Selling it for 500 bucks is good - sure. But I bet sells like that are few and far between. Again, domain names are not something I would consider I know a whole lot about..
is it worth the management of everything to make two bucks
I have always made at least .03 a day on average with the domains parked at Sedo. I am not at all big into the domain thing, but any I have I stick 'em up there. It costs nothing, there is no management. In less than 5 mins the domain is registered and on Sedo.
Of course $2 is nothing. But multiply by 1000 and it is $2000 and a thousand domains paid for and looking after themselves. If you sell just 2% of them for, say $500 on average each you have a return of $12,000 for relatively little effort. Every now and again you may hit paydirt with one that makes a lot more.
It isn't as easy as that of course, you need to have a knack for picking good ones, time is spent searching for them and so on, but then you can do better too if you put something on them rather than just parking them.
It would be wrong to say there is no money to be made.
The 400% I mentioned above was not based on buying one domain, but on the 20 stupid ones I bought on that one night.
[edited by: abbeyvet at 3:45 pm (utc) on July 26, 2005]
Most of the domain owners <that park their domains> are hoping to at least cover the cost of owning the domain for a year, while hopefully selling the domain for profit.
[edited by: Webwork at 6:19 pm (utc) on July 26, 2005]
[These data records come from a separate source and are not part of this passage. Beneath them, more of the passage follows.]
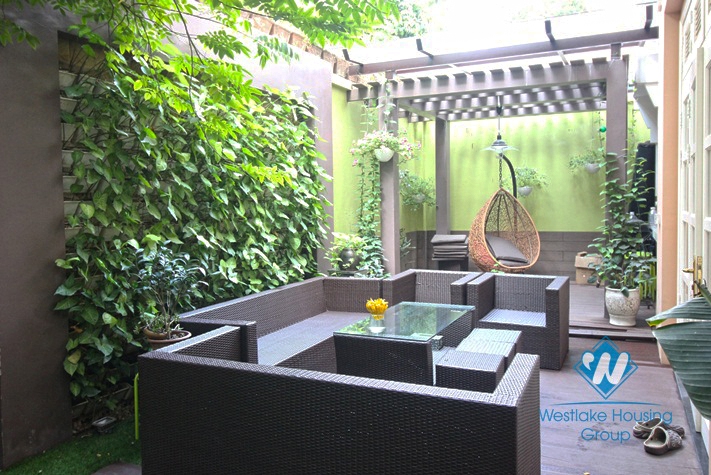 Beautiful house with large garden around for rent in Ciputra area, Tay Ho, Ha Noi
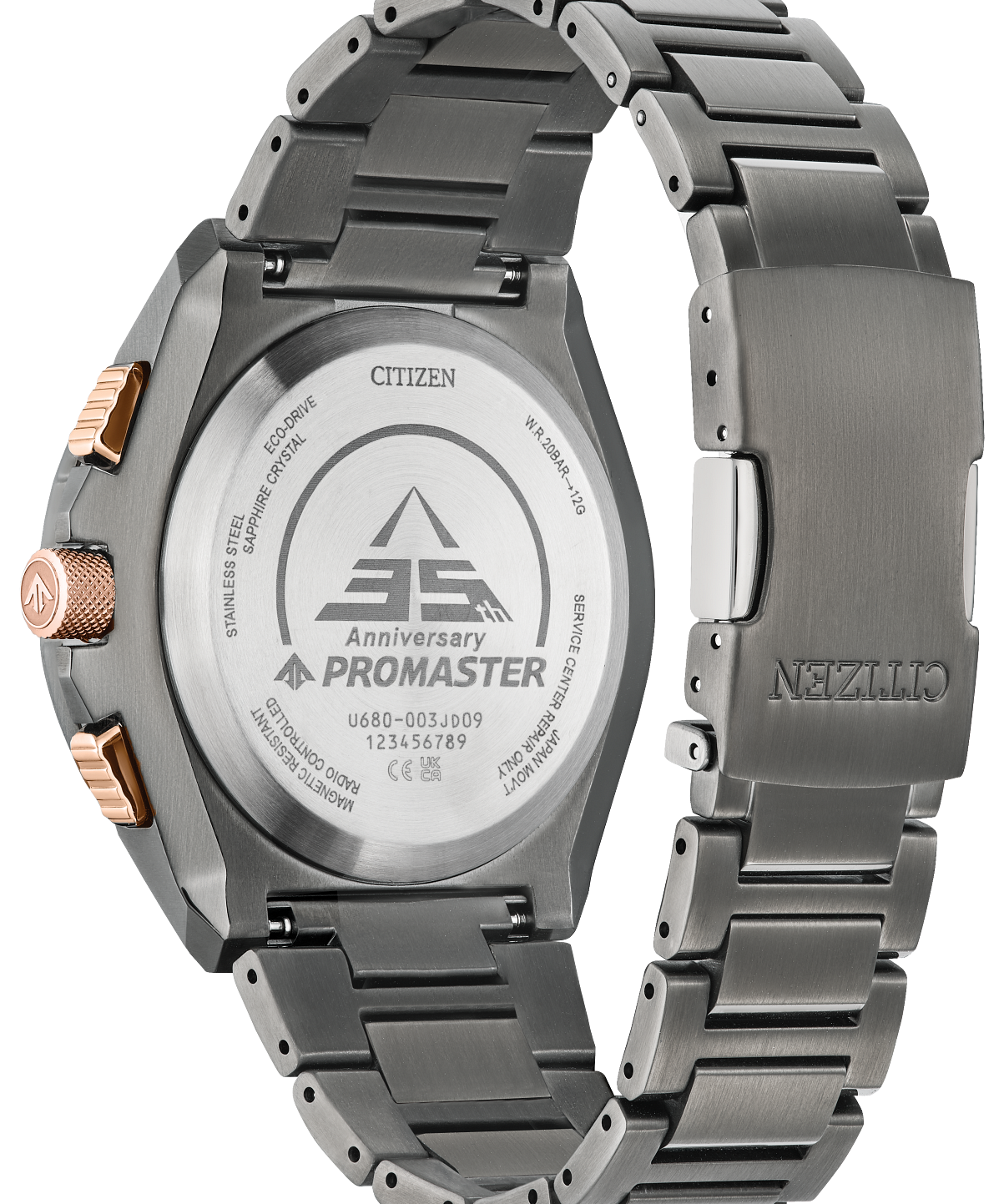 Citizen Promaster stainless steel watch showing the back of the case and metal link bracelet, with rose gold pushers and crown.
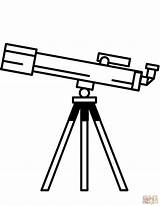 Telescope Coloring Drawing Pages Printable Astronomy Space sketch template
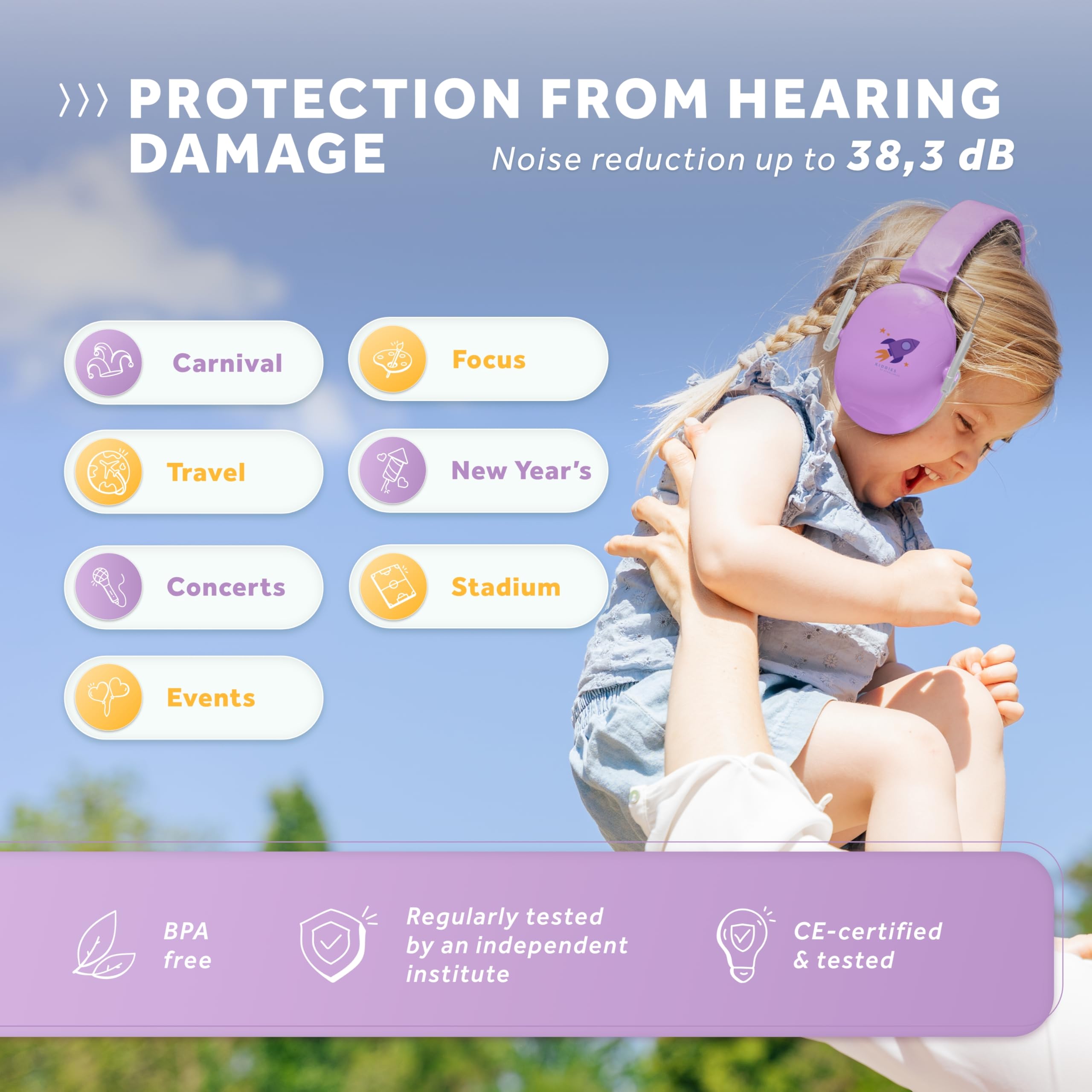 Schallwerk ® Ear defenders Kiddies, Rocket Berry - Image 2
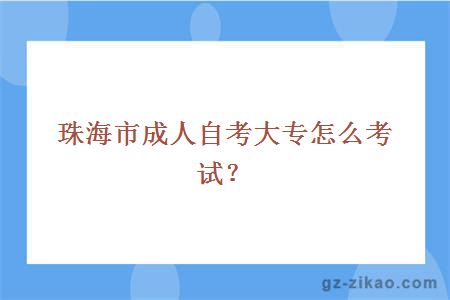 珠海市成人自考大专怎么考试？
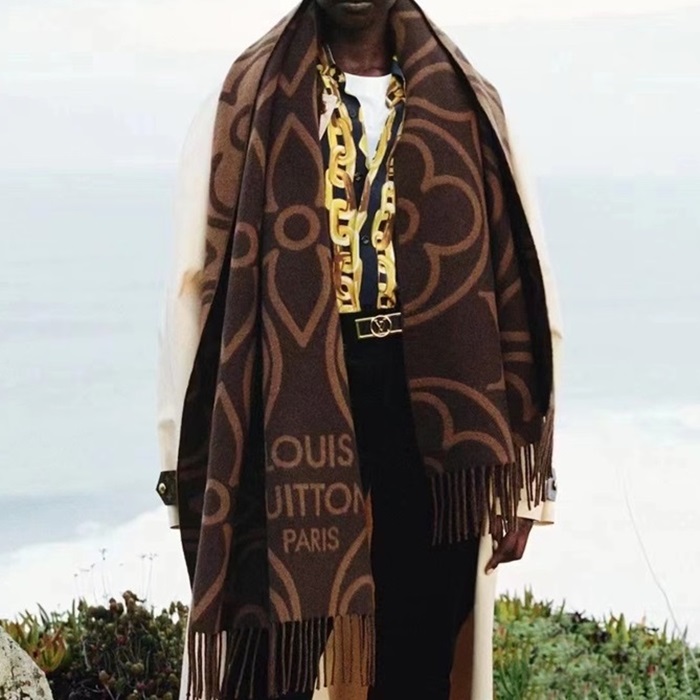 ルイヴィトンレディースブラウンマフラーv1990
[edit reason] Please avoid reference to specific service providers [/edit]
Please keep discussions, wherever possible, in the most general terms: "domain parking company", "domain brokerage", "domain registrar", "web analytics company", etc.
Sedo is pretty well known, so I allowed the reference to pass at first. Abbeyvet is a most helpful and well informed member, never promotional, so I let it pass. However, one can "look Sedo up" for more details about "What do they do?".
When we start inserting "this is what company X does" into threads I'm afraid we begin to open up the promotional doors. First Sedo then what next? That's my dilema. Follow?
Otherwise, nice work folks! Thanks for all your informative and helpful posts.
It's not immediately intuitive if you've never parked a domain before, but this changes the whole traffic/profitable revenue picture out of all recognition.
In fact, for higher value keywords, less than 1 visitor a day can still be profitable. It's possible to make a profit on a domain with a couple of visitors a month - if 50% click and a click is worth $1 (some are worth a lot more than that) then that's $12 for the year and you've nearly doubled your money. I really can't stress how different parking is from relying on that same traffic to make a profit off a real site - there's no comparison!
The "effort" side of the equation also needs examining in case you're not familiar with domain parking. Basically, to park a domain, you...
A) Register a domain
B) Change the nameservers to match the domain parking service you're using (of course you can set these to be the default for all domains you reg, so in bulk you can skip this step)
C) Add the domain to your parking account (some registrars combine registration and parking so you could theoretically even skip this step)
A, B and C can all be done in bulk so you could register and park a hundred names in the same time it takes you to do one.
Note there's no "D" (make a site; update it) since you're using a pre-prepared parking service and it supplies the pages the visitors see.
So if you have a good eye for the kinds of domains that are likely to get at least a bit of traffic (generic keyphrases if you're white hat, typos of popular sites if you're black hat) then you could be doubling your money or better across a large group of domains with little or no initial effort, and zero ongoing effort.